AMPARs are assembled as two identical heterodimers of GluA1-4 subunits that form functional glutamate-gated ion channels. The presence of the GluA2 subunit renders AMPARs impermeable to Ca²⁺. Alterations in AMPAR subunit composition have been reported in human post-mortem tissues of ALS patients [47, 48] and in various ALS models that overexpress ALS-associated proteins, including TDP-43, FUS and C9ORF72 [44, 49-51]. Consistent with this notion, we found that neurons that contain cytoplasmic SFPQ aggregates have significantly reduced surface expression of GluA1-containing AMPARs compared to those that express nuclear SFPQ. This effect is specific to the GluA1 subunit as the aggregation of SFPQ does not affect the GluA2 subunit. Interestingly, the two fALS-associated SFPQ variants do not directly contribute to altering AMPAR subunit composition in neurons per se given that their effects are indistinguishable from those that express SFPQ WT.

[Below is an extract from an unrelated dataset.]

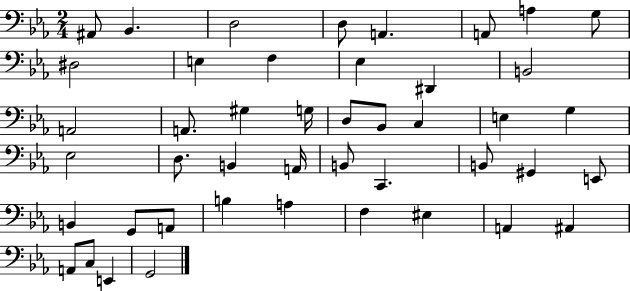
A#2/e Bb2/q. D3/h D3/e A2/q. A2/e A3/q G3/e D#3/h E3/q F3/q Eb3/q D#2/q B2/h A2/h A2/e. G#3/q G3/s D3/e Bb2/e C3/q E3/q G3/q Eb3/h D3/e. B2/q A2/s B2/e C2/q. B2/e G#2/q E2/e B2/q G2/e A2/e B3/q A3/q F3/q EIS3/q A2/q A#2/q A2/e C3/e E2/q G2/h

ALS-associated alterations in AMPAR subunit composition can occur due to dysregulation of GRIA transcripts or inefficient RNA editing of GRIA2 mRNA that affects AMPAR permeability to Ca²⁺ [39, 52]. However, we posit that cytoplasmic SFPQ aggregates are likely to perturb the trafficking of GluA1-containing AMPARs in primary neurons. Our hypothesis is supported by the fact that SFPQ is present in AMPAR-containing vesicles purified from mouse whole brain lysates [53], and the demonstration that it also interacts with the motor protein KIF5 [11], which has previously been shown to regulate the dendritic transport of such vesicles [54-57]. Importantly, mutations in the KIF5A C-terminal cargo binding domain are associated with fALS [58, 59]. This highlights that disruption in KIF5- mediated transport of not only RNA granules but also neurotransmitter receptors contributes to the pathogenesis of ALS. Although our findings are consistent with the general idea of a perturbation of AMPAR subunit expression as a feature of ALS pathology, cytoplasmic SFPQ aggregates may not cause an increase in the expression of GluA2-lacking Ca²⁺-permeable AMPARs, at least in cortical neurons, that are thought to mediate the excessive Ca²⁺ influx and death of motor neurons [50, 60, 61]. However, it remains to be determined whether a similar effect is observed in motor neurons, given that the heterogeneity of AMPAR subunit expression has been observed in different regions of the brain and might be dependent on genetic causes of the disease [47].

In conclusion, our current study provides the structural basis to explain the high propensity of fALS-associated SFPQ variants to form cytoplasmic aggregates through enhanced zinc-binding affinity, leading to a loss in SFPQ function in neurons. Although, it is well established that genetic variants (familial or sporadic) are the main components that predispose (or cause) an individual to develop ALS [62], the molecular mechanisms underlying pathogenesis and disease progression are likely to differ, depending on the mutations. The SOD1 gene, which encodes the Cu²⁺/Zn²⁺ superoxide dismutase 1 that protects neurons from oxidative stress, is often mutated in fALS patients. Mechanistically, ALS-associated mutations alter the metal binding capacity of SOD1, leading to protein misfolding and aggregation. Accordingly, delivering zinc to mutant SOD1 exerts protective therapeutic effects in the SOD1-G37R ALS mouse model [63]. On the contrary, our findings predict that zinc supplementation would exacerbate SFPQ aggregation and therefore have negative impacts on neuronal function in patients carrying the N533H or L534I mutation. Thus, the outcomes of our study highlight the potential importance of personalized medicine – different mutations may require different interventions – in the treatment of ALS patients with distinct genetic variants.